[Crawled caption data]
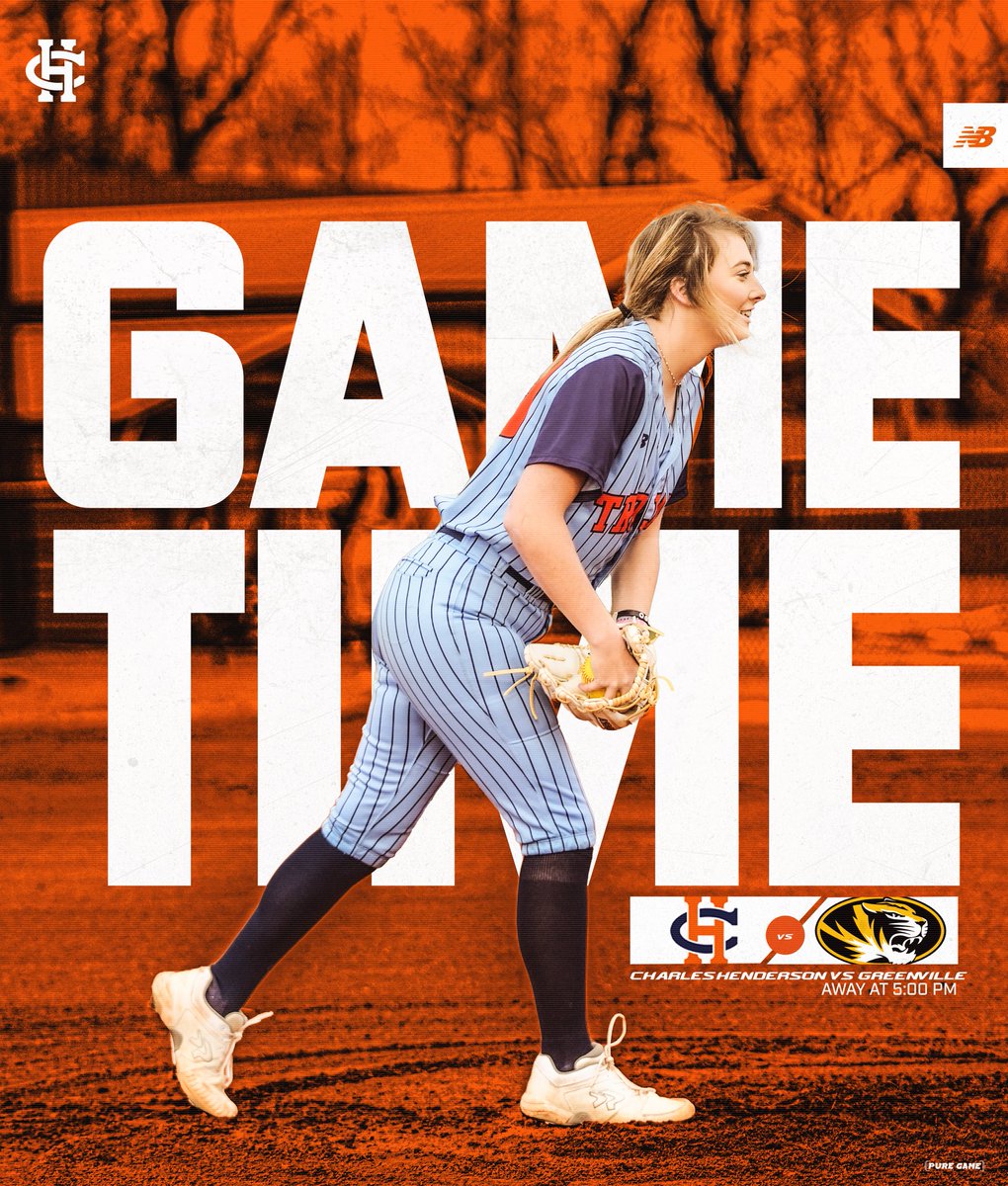 athletics_CHHS's tweet photo. 🥎 CHHS SOFTBALL GAME DAY

CHHS vs Greenville
Monday, 04.10.23
5:00 PM
AWAY 

#WeAreTrojans / #CHHS / #CHHSsoftball / #CharlesHendersonTrojans https://t.co/xxXsPXv3DK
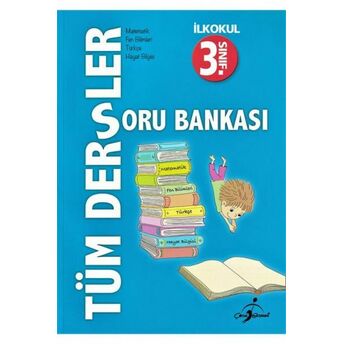 Çocuk Gezegeni 3. Sınıf Tüm Dersler Soru Bankası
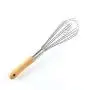 Hjyi Silicone Kitchen Wooden handle silicone kitchenware set silicone spatula spoon spoonful frying shovel 8-piece set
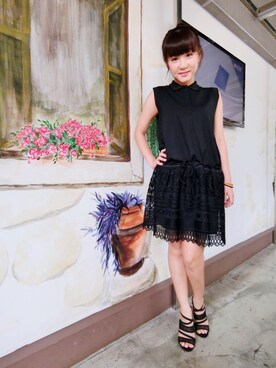 樂樺さんのコーディネート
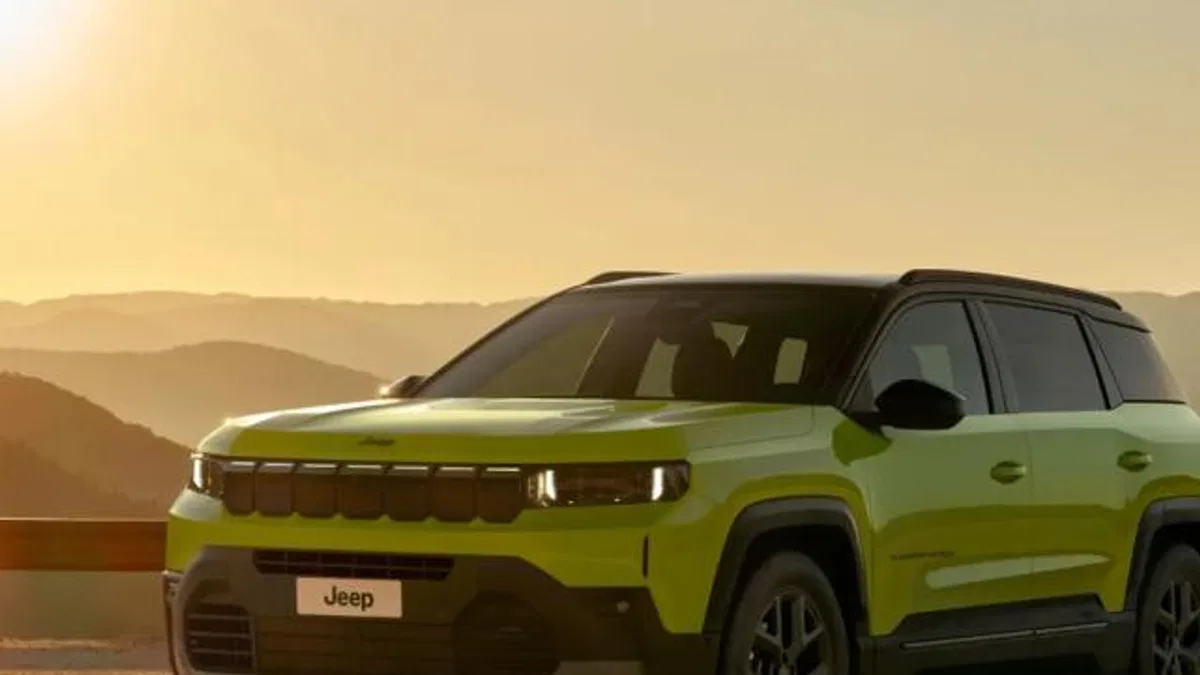 Yeni Jeep Compass e-Hybrid Türkiye’de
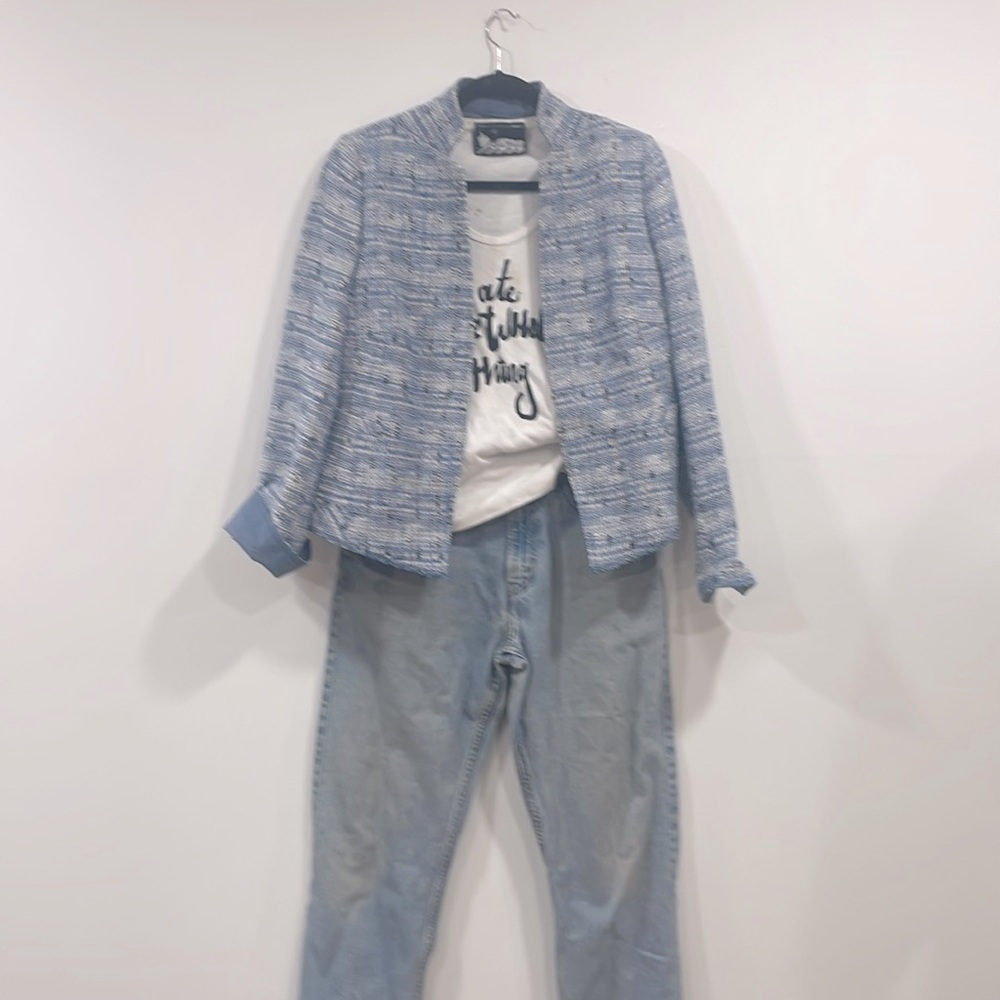 Akris punto, Tweed Jacket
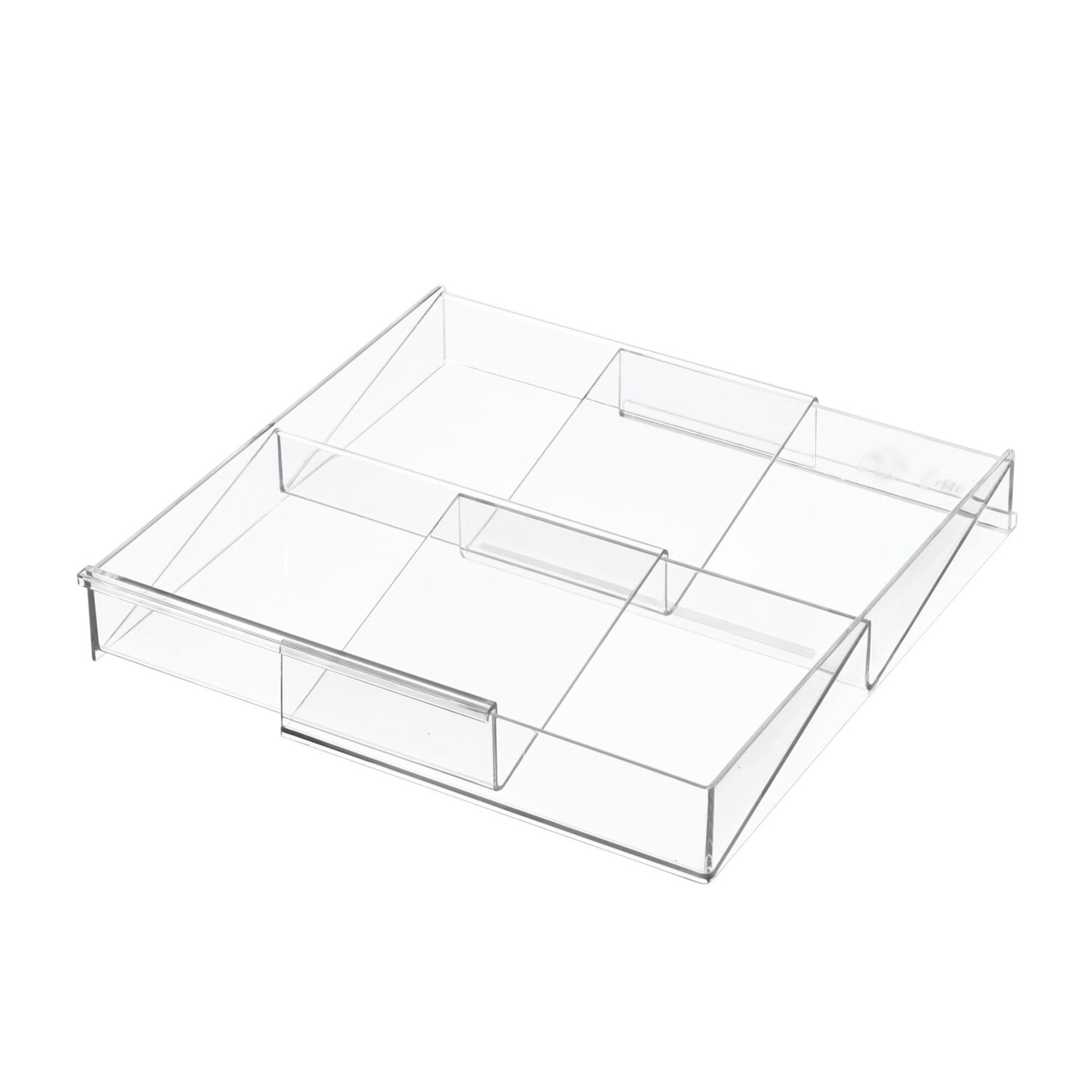 The Home Edit by iDesign Angled Expandable Drawer Organiser Image 5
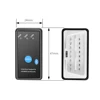 Kebidu Bluetooth ELM327 V1.5 Auto OBD Scanner Code Reader Tool Car Diagnostic Tool Super MINI ELM 327 With Switch For Android 5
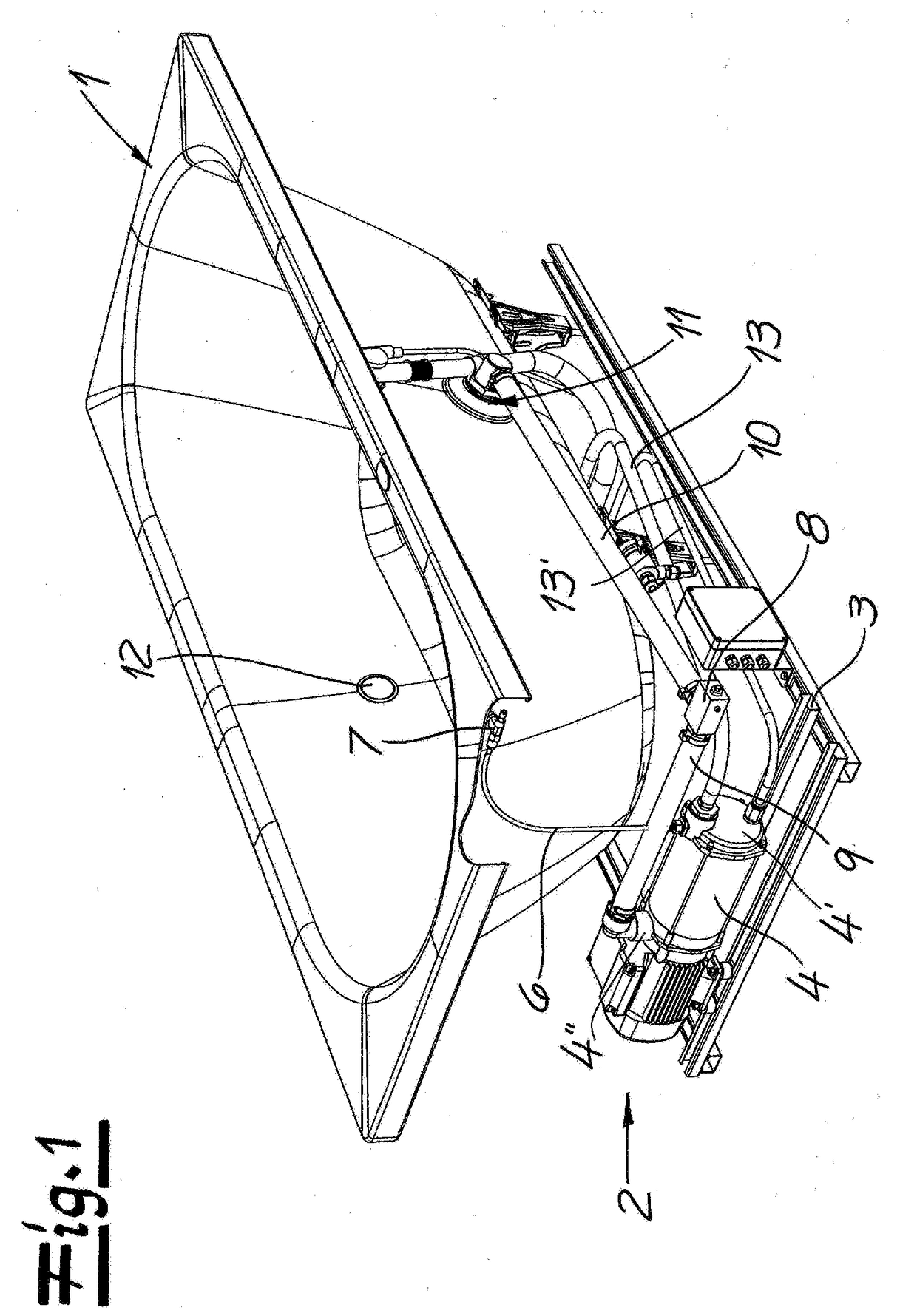 Valve for a water-supply system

▶ [INSTRUCTIONS FOR THE TASK]:
Without any pictures, please write out the lines from the one containing "#WeAreTrojans / #CHHS" through the final line of the data, exactly and inclusive of both ends.

▶ [RESPONSE TO THIS TASK]:
#WeAreTrojans / #CHHS / #CHHSsoftball / #CharlesHendersonTrojans https://t.co/xxXsPXv3DK
 Çocuk Gezegeni 3. Sınıf Tüm Dersler Soru Bankası
 Hjyi Silicone Kitchen Wooden handle silicone kitchenware set silicone spatula spoon spoonful frying shovel 8-piece set
 樂樺さんのコーディネート
 Yeni Jeep Compass e-Hybrid Türkiye’de
 Akris punto, Tweed Jacket
 The Home Edit by iDesign Angled Expandable Drawer Organiser Image 5
 Kebidu Bluetooth ELM327 V1.5 Auto OBD Scanner Code Reader Tool Car Diagnostic Tool Super MINI ELM 327 With Switch For Android 5
 Valve for a water-supply system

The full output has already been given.